— TASK DIRECTIONS —
Apart from pictures, transcribe exactly each line from the one containing "ÖN TAMPON DARBE" through the final line of the listing below.

START SUPPLIED INFORMATION

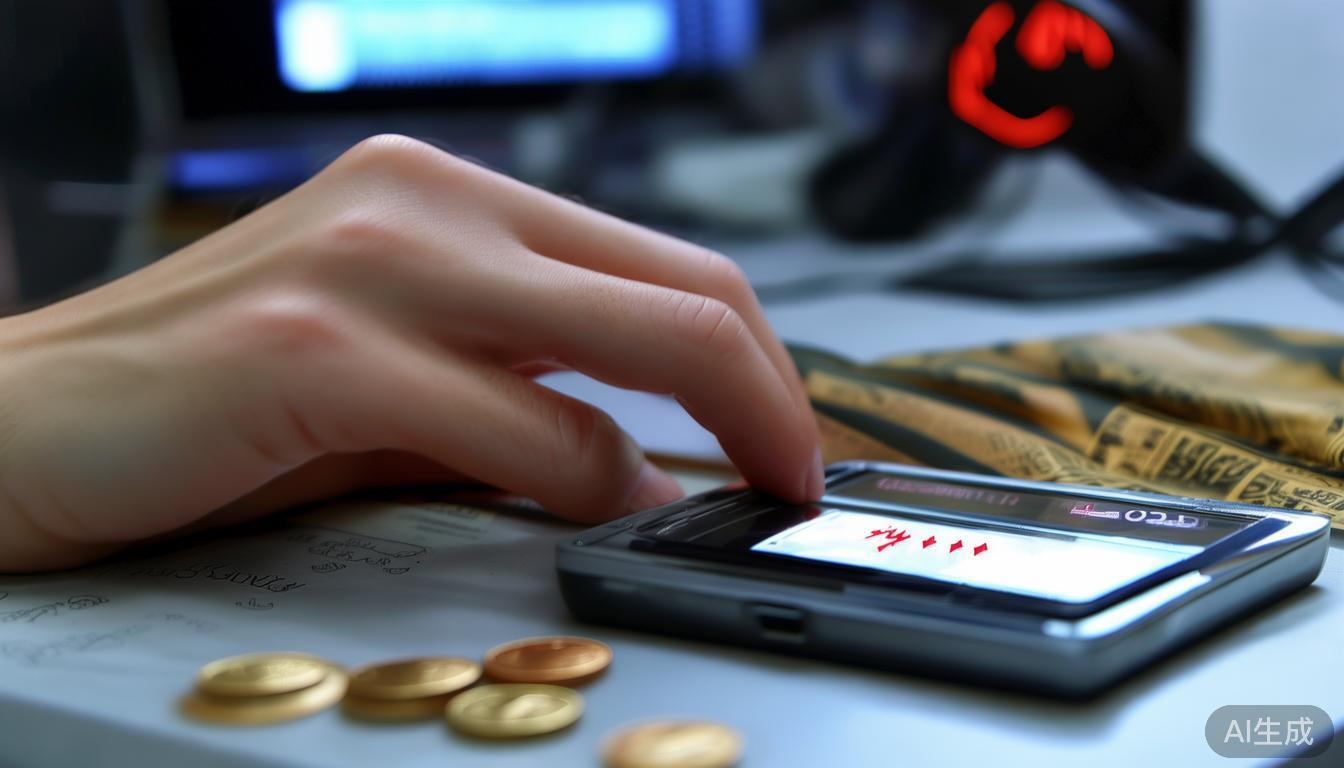 Trust钱包的网络费用显著影响用户体验_Trust钱包的网络费用显著影响用户体验_Trust钱包的网络费用显著影响用户体验
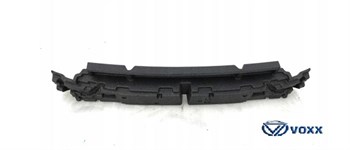 ÖN TAMPON DARBE EMİCİ S90/V90 2017-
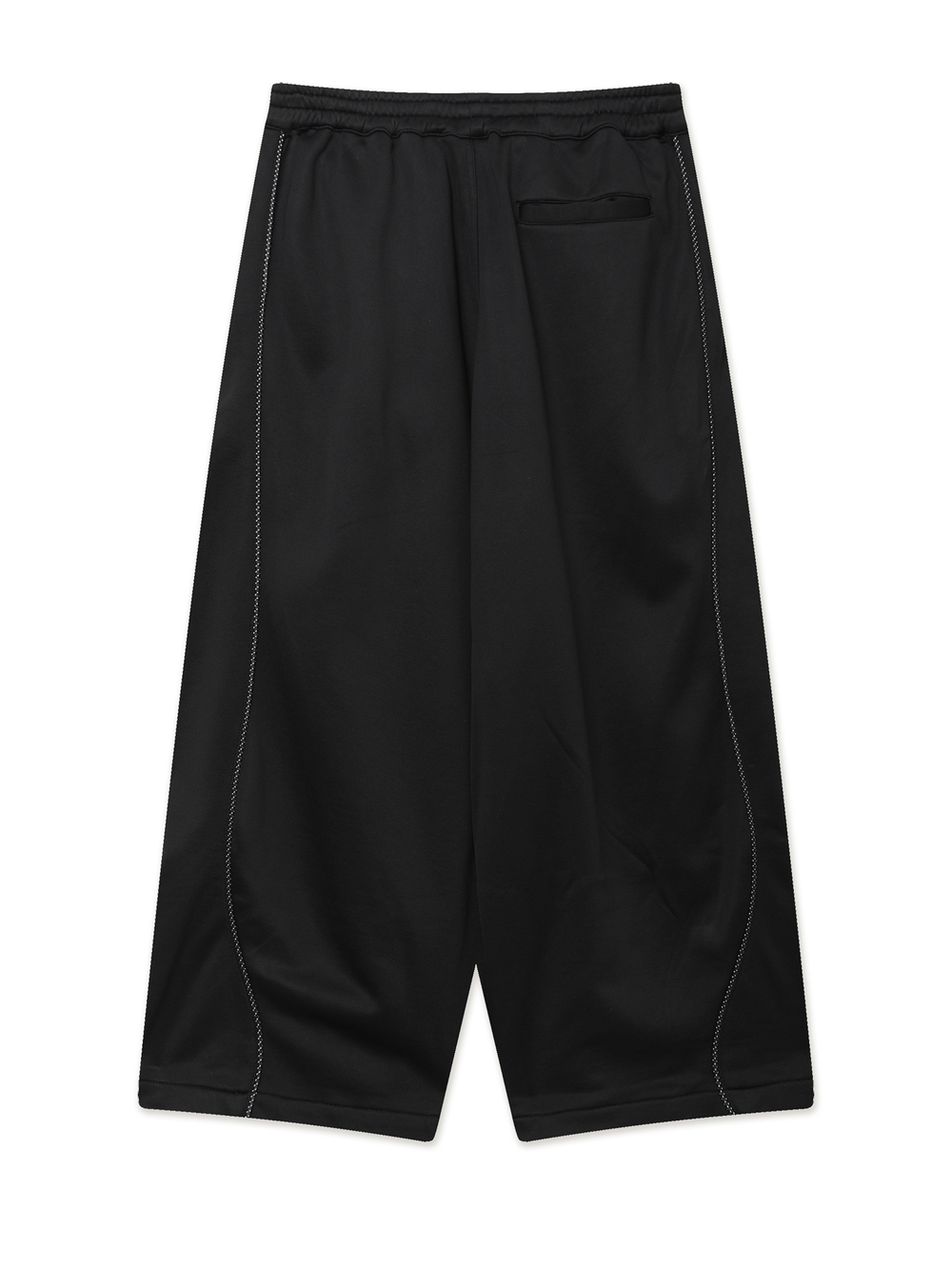 Мужские Брюки Psy Poseidon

END SUPPLIED INFORMATION

— REPLY —
 ÖN TAMPON DARBE EMİCİ S90/V90 2017-
 Мужские Брюки Psy Poseidon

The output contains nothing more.